How do you cap off a spellbinding, two-week spectacle of sporting endeavour, subtlety, skill, brilliance, unity and raw emotion while simultaneously reminding the world that it all happened in the UK? The answer, at least according to the Olympic closing ceremony’s creative director Kim Gavin, is with an unstructured gallimaufry of tasteless performances, chintzy melodrama and high camp. Such a shame.
There were some nice touches, although these were swamped by the rest of the three-and-a-half-hour-shambles. The appearance of Eric Idle (of Monty Python fame) offered a welcome dose of the wry surrealist humour on which Britain prides itself, while ballerina Darcey Bussell’s elegant contribution was a rare example of poise amid the melee. The unfolding of Thomas Heatherwick’s Olympic cauldron was stunning in its symbolism too, but the weight of these moments wasn’t enough to offset the rest of the ceremony.
Aging rockers, lip-syncing and gross errors in taste and judgement appeared to be the themes of the evening; the ostentatious acts were sometimes astoundingly devoid of irony.
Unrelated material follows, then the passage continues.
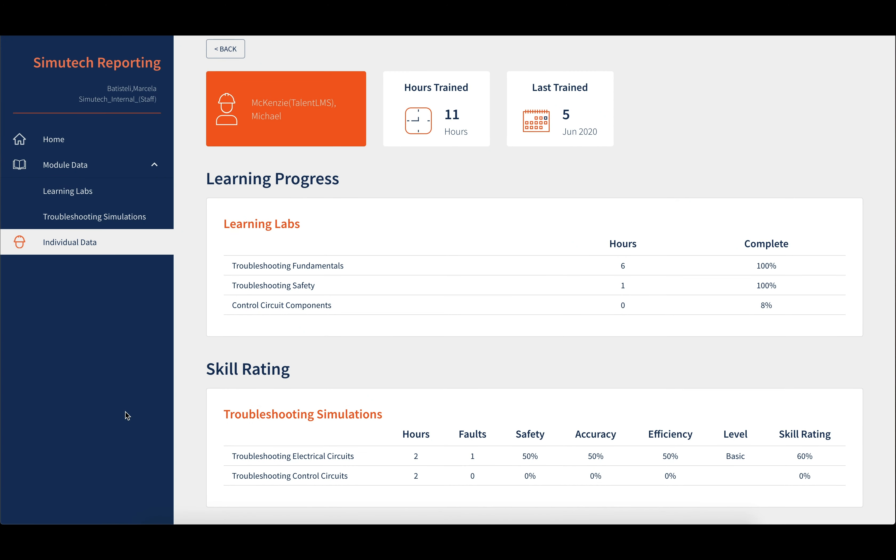This was a quick walkthrough on the features of our new reporting module that is available for administrators.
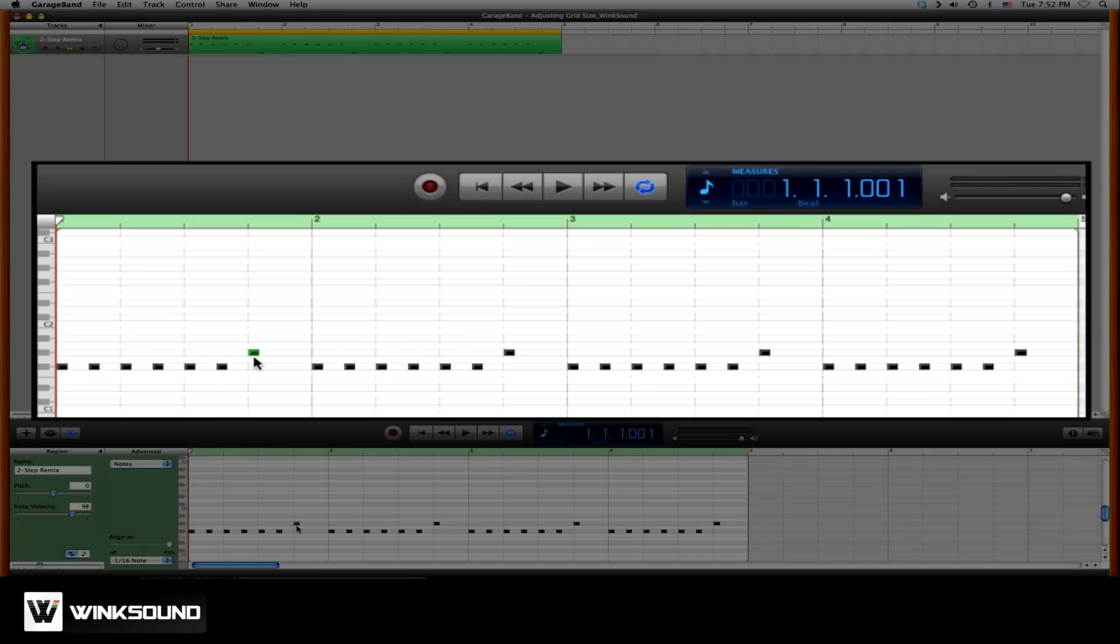If, for instance, we'd like to move this note instead of a full quarter note, just an eighth note over, we'd have to adjust the size of the grid.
When Jessie J sang “it’s not about the money” from inside a gleaming white Rolls Royce in a Stadium built in a neighbourhood renowned for social deprivation it was ironic – but not in a good way.
There was an awful lot of music, but not enough of the right sort. A song by the boyband One Direction was repeated at least once (count yourselves lucky that they haven’t managed to infiltrate the US charts yet) and George Michael followed up his well-loved classic Freedom with a mimed rendition of some new material. It was neither the time nor place for that. We were treated to recordings of Kate Bush and David Bowie, but neither was there in person. The Rolling Stones were conspicuous by their absence too.
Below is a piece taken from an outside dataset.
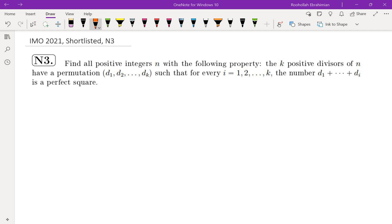In this video I'm going to go over problem N3 from IMO 2021, and as usual I'm going to go over my thought process that led me to a solution, so not everything I'm going to talk about here might be useful in the actual solution. Here is the problem: find all positive integers N with the following property — the k positive divisors of N have a permutation d1 through dk such that for every i between 1 and k, the sum d1 through di is a perfect square.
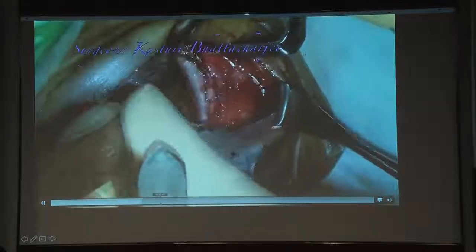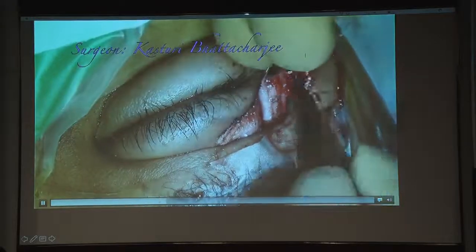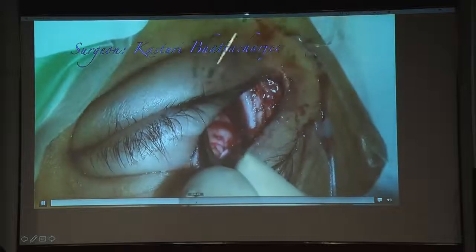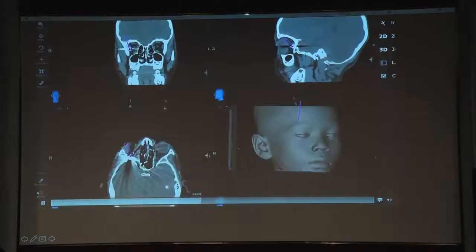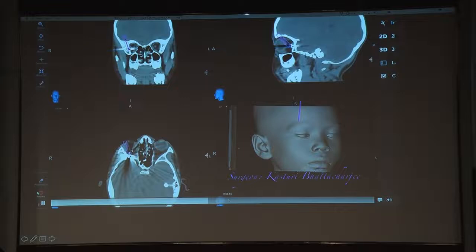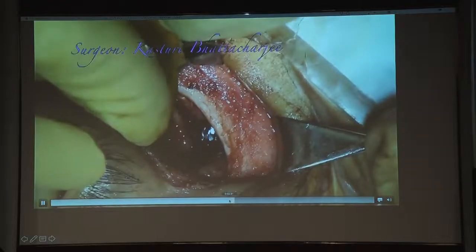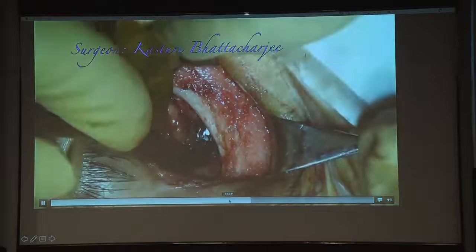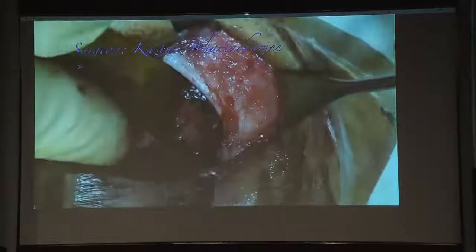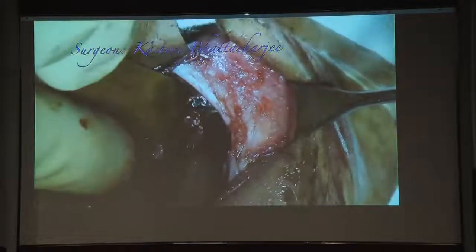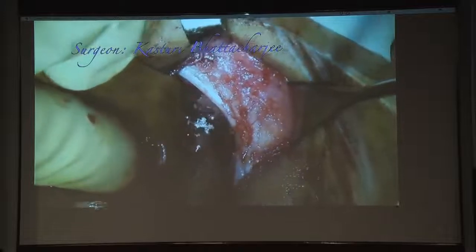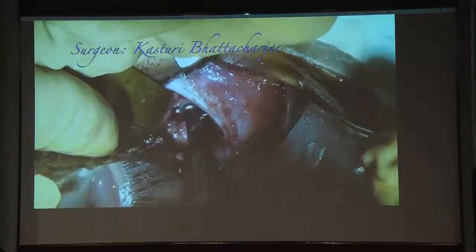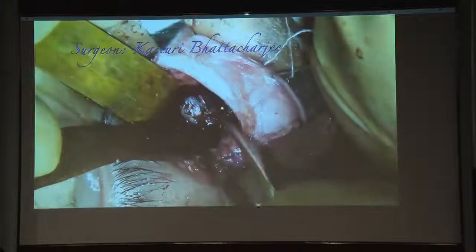Using the navigation stylet for direction, I reached the foreign body but found it totally stuck in the greater wing of the sphenoid. Simply pulling it out risked injuring cranial structures behind it. I used a drill to create space around it, loosening the bone edges, and only then could the foreign body be safely removed.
We always knew the event would be designed as a party – something to send the competitors into the reputedly libidinous post-Games chaos of the Athletes’ Village on even more of a high – so, perhaps it was too much to expect it to measure up to Danny Boyle’s wacky, yet well-received, opening gambit. Even so, this was a deflating experience.
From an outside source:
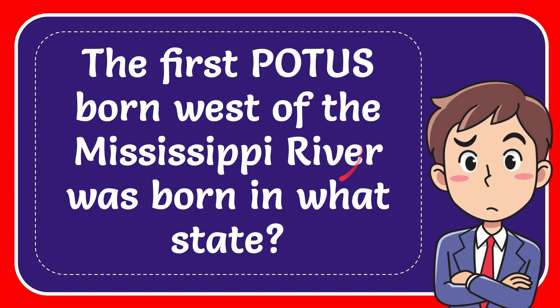In this video, I'm going to give you the answer to this question. The question is: the first POTUS born west of the Mississippi River was born in what state?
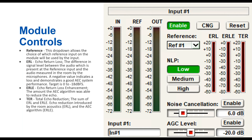The ERLE meter — echo return loss enhancement — is the amount the AEC algorithm was able to reduce the echo, for example minus 50 or minus 60 dB. The TER stands for total echo reduction, which is the sum of ERL and ERLE together: the echo reduction from room acoustics plus the AEC algorithm. The TER is usually going to be lower than the ERLE meter when the gain structure is correct.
London has been blessed with the most wonderful festival humanity has to offer for the past two weeks and, as a local, I feel as though the city has acquitted itself well. The volunteers have been unfailingly polite and joyful, the fans from different nations have mixed without a hint of animosity (take note, soccer hooligans), the mood of the place has been elevated to a level that few thought possible in a time of economic difficulty – and I haven’t even mentioned the actual sport.
The Paralympics are still to come, but as the Greatest Show on Earth rolls on to Rio, there is no doubt that post-Olympic ennui is already setting in. It’s as though London has parted company with a lover. It feels like life in the city is missing something that once made it whole. It’s true that nothing can take away the time we spent with the Gamesor the memories that we have, but – reflecting on the closing ceremony – I just can’t help but think:
Did it have to end like this? Did it have to end at all?